Whenever you read any book or article for new parents, the most consistent topic which comes up is how to deal with sleep deprivation.
Simply put, when the baby comes, it is assumed that you won’t be able to sleep regularly as you have for the majority of your life due to your parenting obligations. And those assumptions are correct, your sleeping patterns will need to adapt to your baby’s needs.
However, as Mattress Makerspoint out, you still need to get some sleep, and this article is aimed at helping you with that.
Why the Lack of Sleep Can Be Dangerous
If you sleep next to nothing, the following day you will feel the consequences of that. You may feel cranky and irritable, or lethargic and drained.
However, those are minor issues compared to the real danger – your reaction times will slow, which puts you at risk in everyday activities like driving. Sleeping anything less than 5 hours increases this effect dramatically.
‘Sleep when the Baby Sleeps’
You will likely find this tip just about everywhere. However, the way babies sleep and the way adults sleep is fundamentally different and you will need some time to adapt to your baby’s biorhythm.
Some people can shift to several short naps throughout the day without too much effort or negative consequences. However, if you can’t do that, there are some ways you can help yourself.
Cut Out Your Electronics
This tip is not only great for moms, but for anyone who is having trouble sleeping. Stay away from your electronic gadgets at least for an hour before sleeping. That includes computers, TVs, and especially phones.
All of our screens use a backlight which is heavily in the cyan part of the light spectrum. Even if you don’t mind it, this wavelength of light has a profound effect on your sleep patterns.
Namely, this color directly affects the amount of melatonin, a hormone responsible for sleepiness. So, let go of your device and your melatonin levels will build up enough to put you to sleep naturally.
Make Sure Your Mattress Is Suitable
You may not have paid attention to the bed you are sleeping on, because you were able to have a normal and quality sleep. Now, however, when every moment counts, you need to make sure that your mattress and your bed are the best fit for you.

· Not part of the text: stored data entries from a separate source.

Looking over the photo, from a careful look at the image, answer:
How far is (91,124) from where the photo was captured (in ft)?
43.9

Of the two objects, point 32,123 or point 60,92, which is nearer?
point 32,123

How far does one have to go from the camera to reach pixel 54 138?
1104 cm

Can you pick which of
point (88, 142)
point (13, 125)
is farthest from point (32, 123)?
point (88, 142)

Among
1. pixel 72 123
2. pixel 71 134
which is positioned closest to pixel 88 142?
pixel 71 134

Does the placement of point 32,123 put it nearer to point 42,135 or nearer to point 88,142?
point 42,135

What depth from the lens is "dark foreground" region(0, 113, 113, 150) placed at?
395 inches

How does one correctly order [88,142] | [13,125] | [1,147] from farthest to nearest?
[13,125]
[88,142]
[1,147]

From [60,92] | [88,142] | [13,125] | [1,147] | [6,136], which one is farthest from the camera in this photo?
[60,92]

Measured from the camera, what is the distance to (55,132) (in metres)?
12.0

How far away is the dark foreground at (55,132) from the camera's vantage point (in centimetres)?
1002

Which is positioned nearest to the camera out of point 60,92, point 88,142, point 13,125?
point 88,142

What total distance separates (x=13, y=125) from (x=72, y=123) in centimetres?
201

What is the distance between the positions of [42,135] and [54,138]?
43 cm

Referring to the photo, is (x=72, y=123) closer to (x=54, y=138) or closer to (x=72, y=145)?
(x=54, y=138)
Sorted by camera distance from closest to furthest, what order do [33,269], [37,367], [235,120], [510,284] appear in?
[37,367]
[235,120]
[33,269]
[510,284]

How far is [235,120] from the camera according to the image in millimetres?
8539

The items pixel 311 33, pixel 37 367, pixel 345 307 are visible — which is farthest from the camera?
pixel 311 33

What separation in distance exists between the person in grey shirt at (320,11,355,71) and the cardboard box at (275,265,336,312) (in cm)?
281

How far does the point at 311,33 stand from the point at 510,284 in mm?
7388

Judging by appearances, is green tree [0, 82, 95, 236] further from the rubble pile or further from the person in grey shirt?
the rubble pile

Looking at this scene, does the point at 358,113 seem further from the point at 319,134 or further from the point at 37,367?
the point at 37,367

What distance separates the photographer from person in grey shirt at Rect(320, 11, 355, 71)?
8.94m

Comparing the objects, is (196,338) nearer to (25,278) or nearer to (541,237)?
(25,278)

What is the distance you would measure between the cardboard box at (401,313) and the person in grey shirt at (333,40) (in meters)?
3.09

If you are not sure which one would be best, you can go down to a mattress store and test out a few, or you can look for adjustable base mattresses, which can help with a lot of your healthy sleep concerns.
Do What Makes You Sleepy
Remember those activities which put you to sleep before? Perhaps it was reading (on paper, remember to avoid screens), or maybe listening to music or radio talk shows.
Those might come in handy when you have a little time to yourself and want to relax and fall asleep more quickly.
Go to Bed Even if Not Sleepy
You may not be feeling tired for any number of reasons, even if your body really needs to rest. The levels of hormones in your body will still be a bit out of order, which may affect a whole slew or normal everyday activities, including sleep.
Experts on this topic suggest to go to bed, or at least take a rest on the couch when you have some spare time. Even if you do not sleep, just resting and relaxing can have a tremendously positive effect on you.
Ultimately, you may even realize how tired and sleepy you are and decide to have a short nap after all. Over the next several months, chances are that you will perfect this tactic and be able to sleep ‘on command’.
Don’t Let Coffee Regulate Your Sleeping Patterns
If you are like most Americans, you start your day with coffee. That extra kick of energy in the morning may come in handy, but don’t be too reliant on it for the rest of the day, because that’s not exactly how caffeine works.
Caffeine will mask how tired you are, but it cannot fix it, nothing but sleep can do that. So, have your morning pick-me-up, but cut yourself off for the rest of the day.
Take a More Relaxed Approach to Chores
Just because you had a baby, it doesn’t mean that the world has stopped. All of your chores are still there, waiting. No matter how you divide the chores in your household, you need to remember that your child and your health come first.
Don’t use the time when your baby is sleeping to vacuum the house or do dishes, those can wait because you need to rest as well.
If you are having these problems with sleep and organizing your time after childbirth, just remember that this initial shock and transition to an unsteady sleeping rhythm isn’t a permanent thing.
Babies tend to sleep for longer periods of time by the 2nd or 3rd month, so you will be able to do the same. By the age of 6 months, your baby will likely sleep all throughout the night, so you will be able to return to your normal sleeping cycle as well.